Functional analysis of cancer-associated EMT in circulating tumor cells and oral cancer cells

2021 Fiscal Year Final Research Report

• Project/Area Number: 18H02969
• Research Category: Grant-in-Aid for Scientific Research (B)
• Allocation Type: Single-year Grants
• Section: 一般
• Review Section: Basic Section 57020:Oral pathobiological science-related
• Research Institution: University of Yamanashi
• Principal Investigator: Saitoh Masao 山梨大学, 大学院総合研究部, 教授 (90345041)
• Project Period (FY): 2018-04-01 – 2022-03-31
• Keywords: EMT / TGF-β / がん

Outline of Final Research Achievements

Snail and ZEB1/2 (ZEB1 and ZEB2), known as EMT transcription factors, are key regulators of this transition. ZEB1/2 are positively correlated with EMT phenotypes and the aggressiveness of cancers. On the other hand, Snail is also correlated with the aggressiveness of cancers, but is not correlated with the expression of EMT marker proteins.
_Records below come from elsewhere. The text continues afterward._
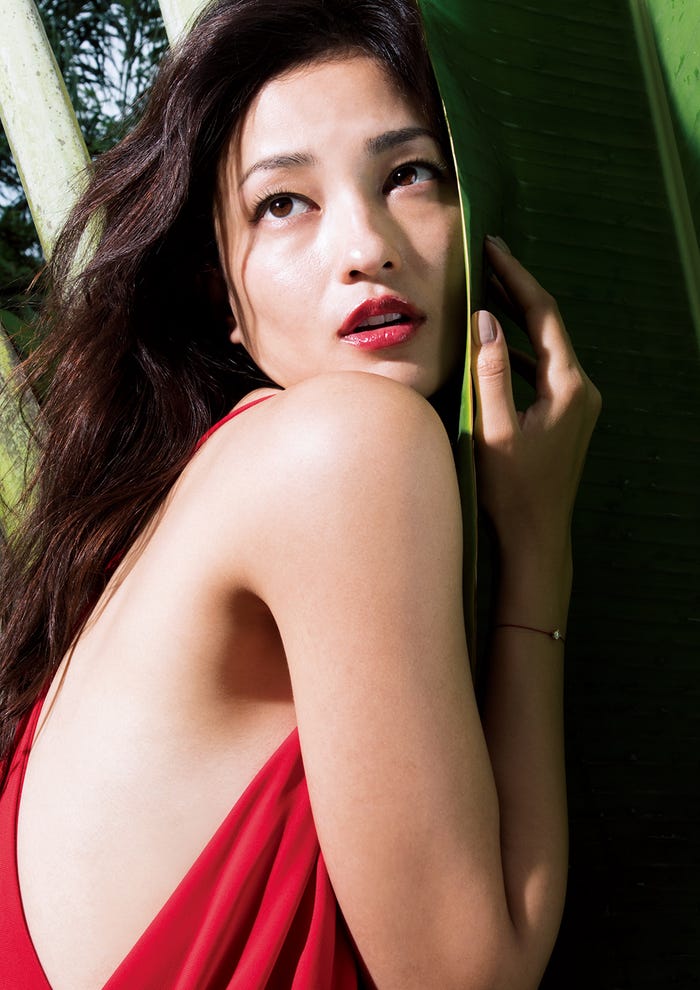 黒木メイサ写真集『INCARNATION』(東京ニュース通信社刊)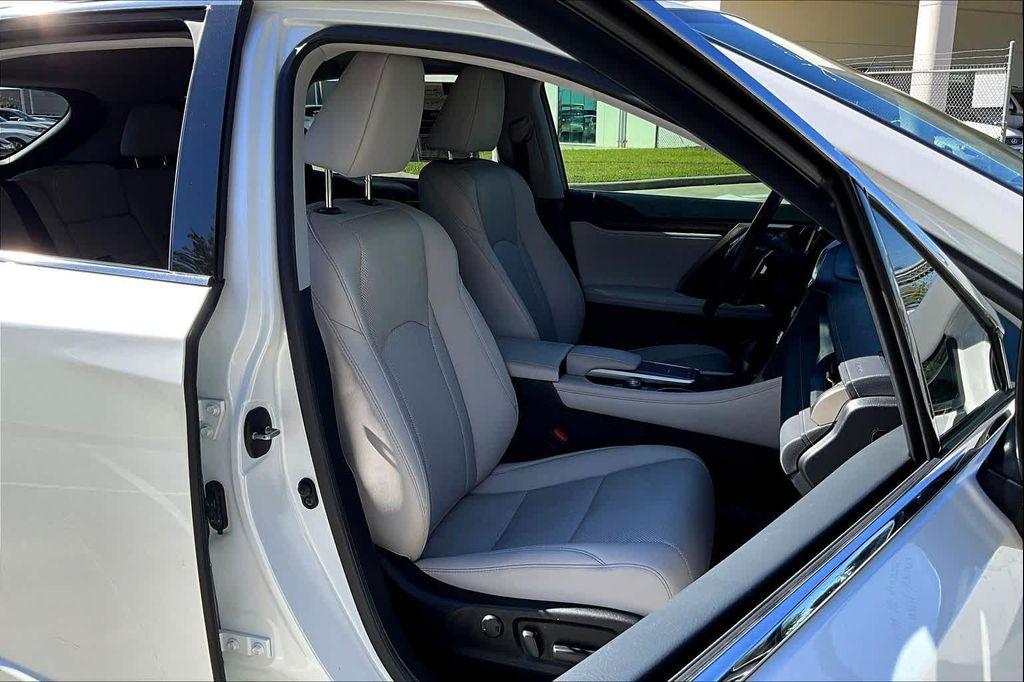 used 2022 Lexus RX 350 car, priced at $34,995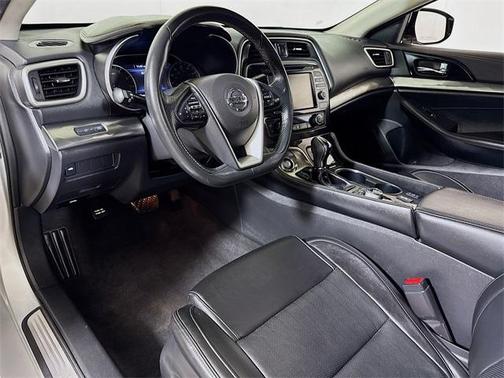 2022 Nissan Maxima SV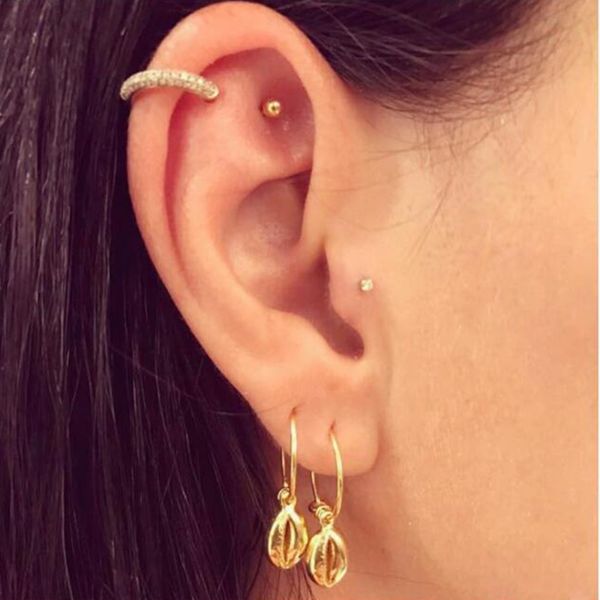 artilady tiny gold hoop earrings for women cartilage shell earring small hoop earrings 2019 jewelry gift, Golden;silver
artilady tiny gold hoop earrings for women cartilage shell earring small hoop earrings 2019 jewelry gift, Golden;silver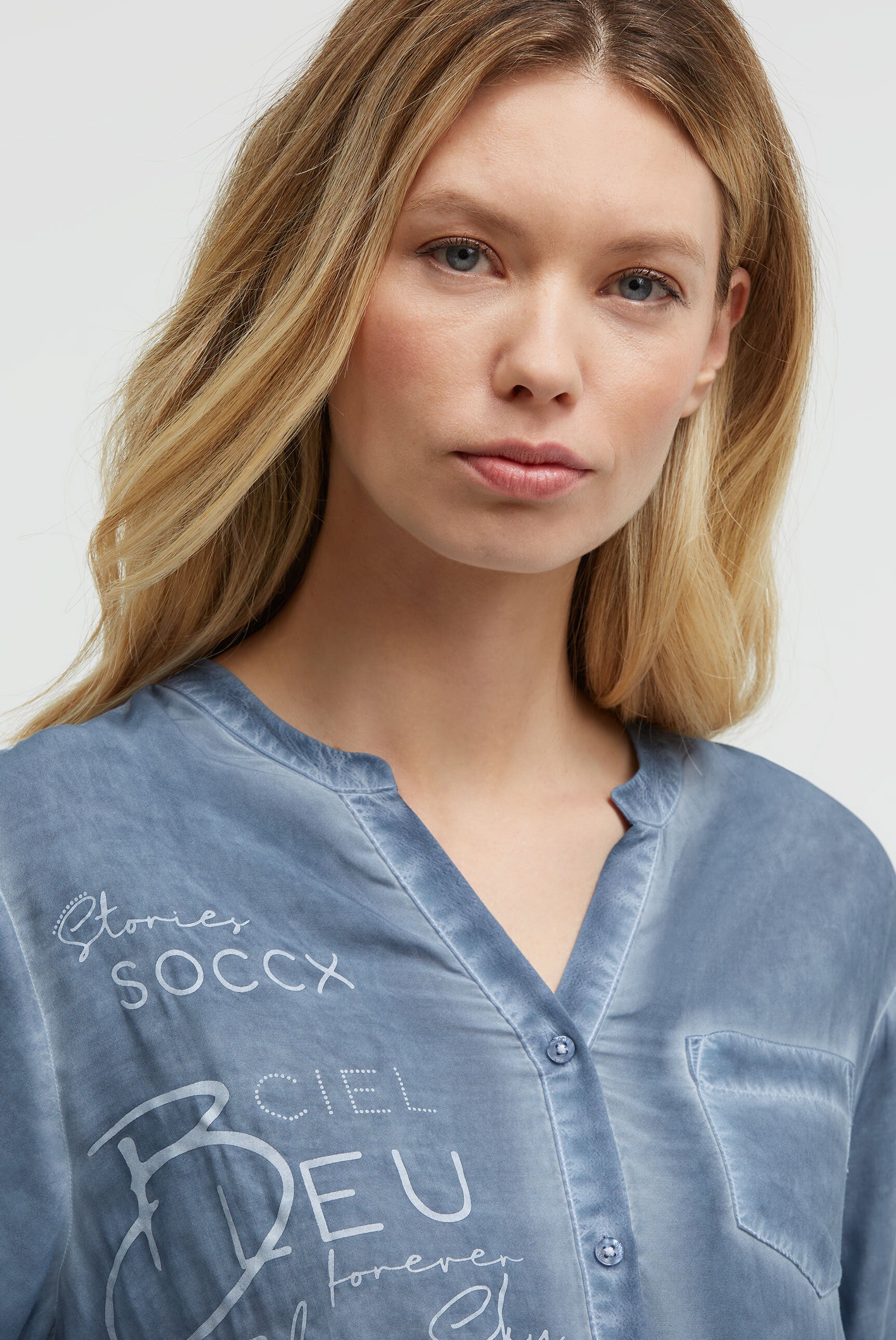 Bluse Kurzarm mit Knotensaum und Print soft azure - 4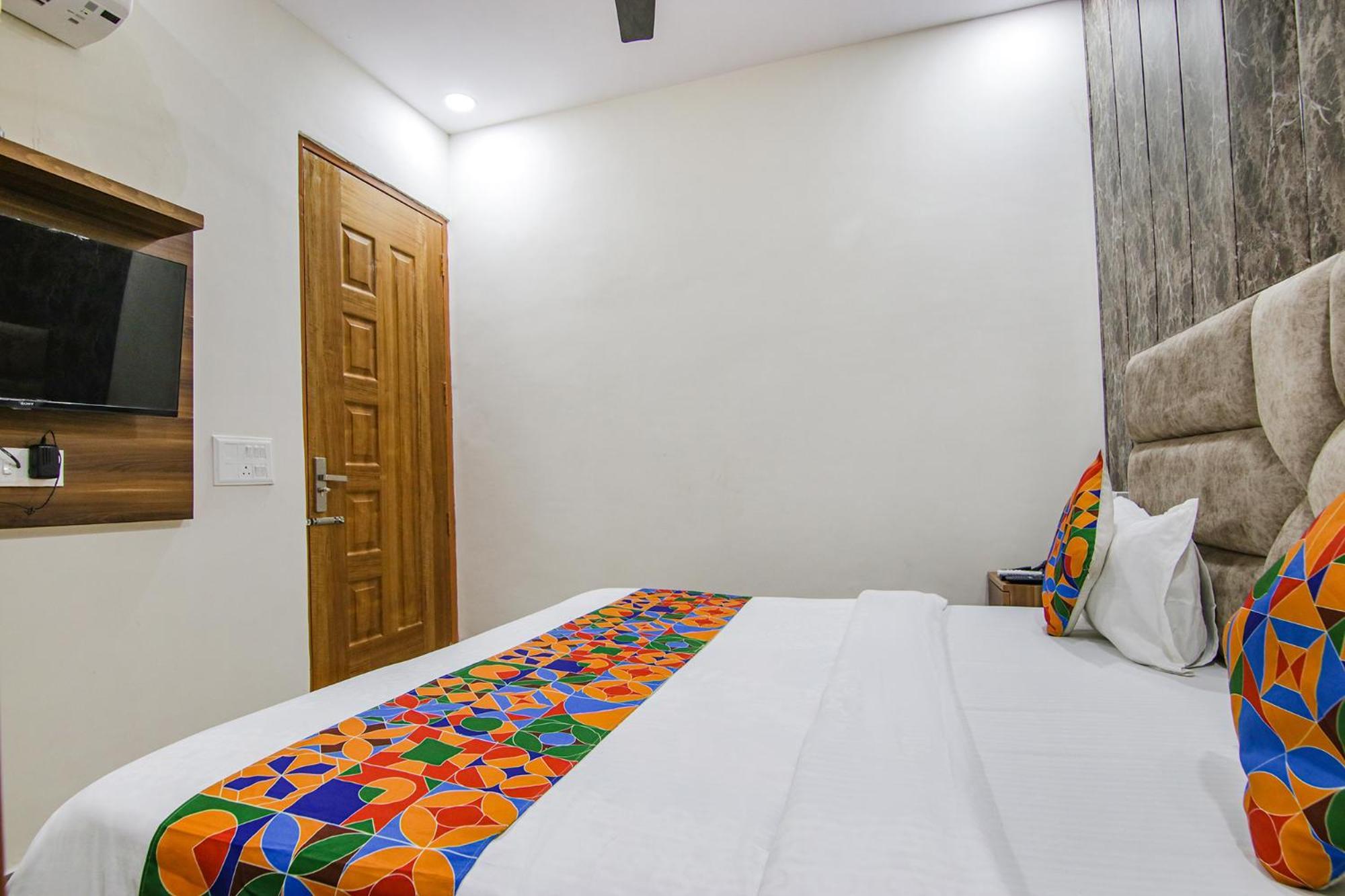 Fabhotel Hc South Crown Mohali Екстериор снимка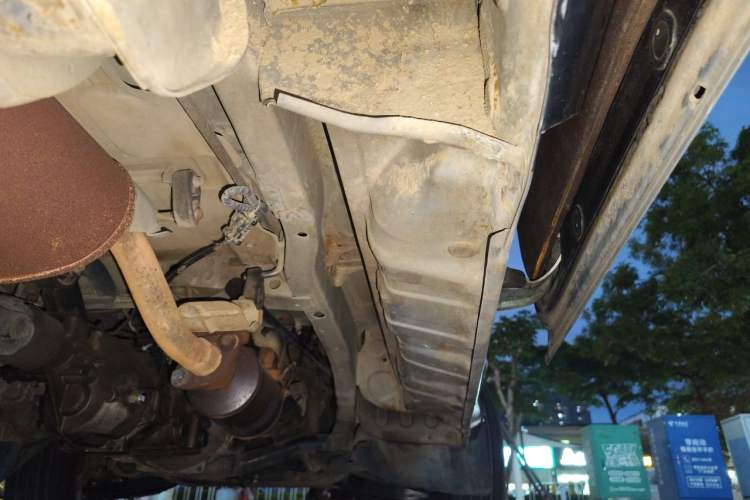 Used Soueast Delica 2008 2.0L Classic Edition Chassis Rear Right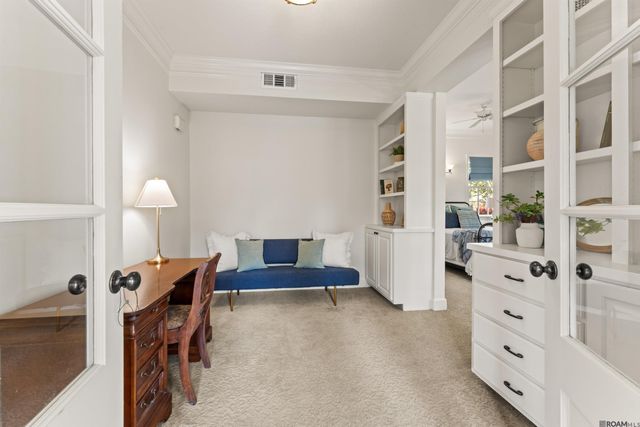 1925 Country Club Dr, Baton Rouge, LA 70808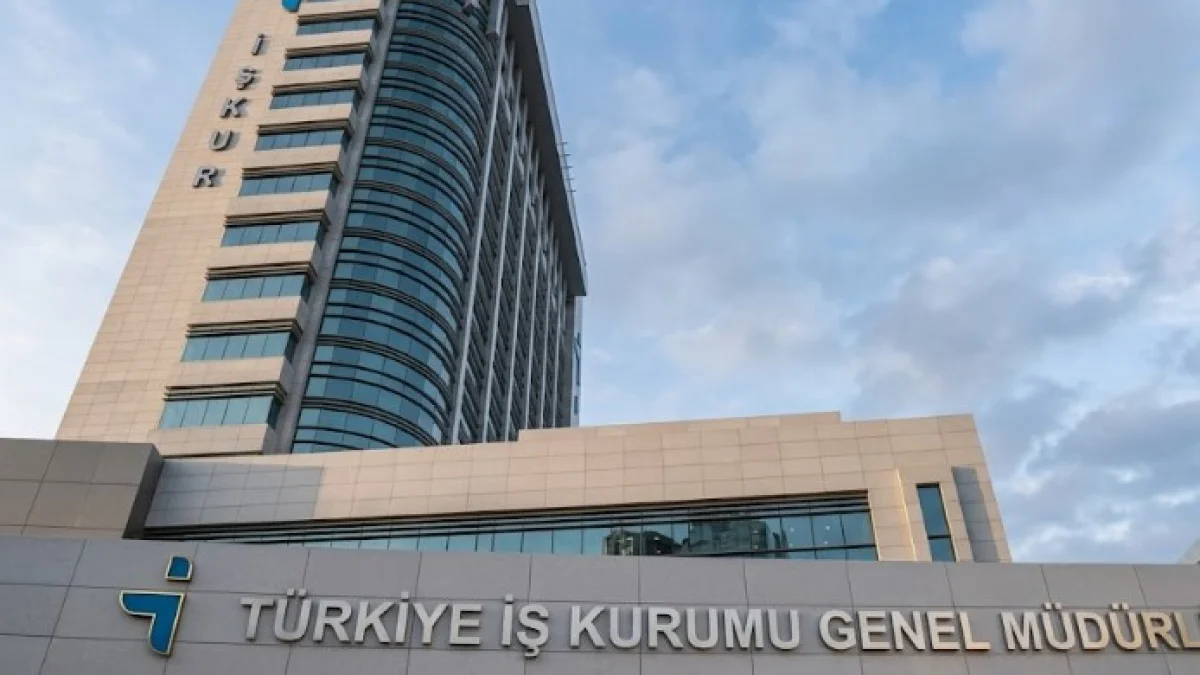 Bakan Işıkhan açıkladı: İŞKUR 7 ayda 848 bin kişiyi işe yerleştirdi Bakan Işıkhan açıkladı: İŞKUR 7 ayda 848 bin kişiyi işe yerleştirdi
Snail is induced by transforming growth factor-β (TGF-β), a well-known inducer of EMT, in various cancer cells. Interestingly, Snail induction by TGF-β is markedly enhanced by active Ras signals. Thus, cancer cells harboring an active Ras mutation exhibit a drastic induction of Snail by TGF-β alone. Here, we found that members of the E26 transformation-specific (Ets) transcription factor family, Ets1 and Ets2, contribute to the upregulation of both Snail and ZEB1/2. Thus, Ets1 is a crucial molecule for regulating Snail and ZEB1/2, and thus cancer progression is mediated through post-translational modification of the exon VII domain.

Free Research Field

がん細胞生物

Academic Significance and Societal Importance of the Research Achievements

がん細胞は周囲の間質内に浸潤し、脈管内に侵入し、転移巣を形成する。この過程にEMTという現象が深く関与していることがわかっており、EMT転写因子によって制御されている。そこで本研究ではEMT転写因子の発現制御機構を検討し、Etsファミリー分子群が正と負に調節していることを見いだした。Ets1とEts2はEMTを促進する作用を、ESE1とESE3は抑制する作用を持っていた。したがって、原発巣でこれらの分子群の発現を検討することで、遠隔転移や循環内腫瘍細胞になりうる細胞を診断でき、悪性度をより詳細に評価できる点が学術的にまた社会的にも意義が高いところである。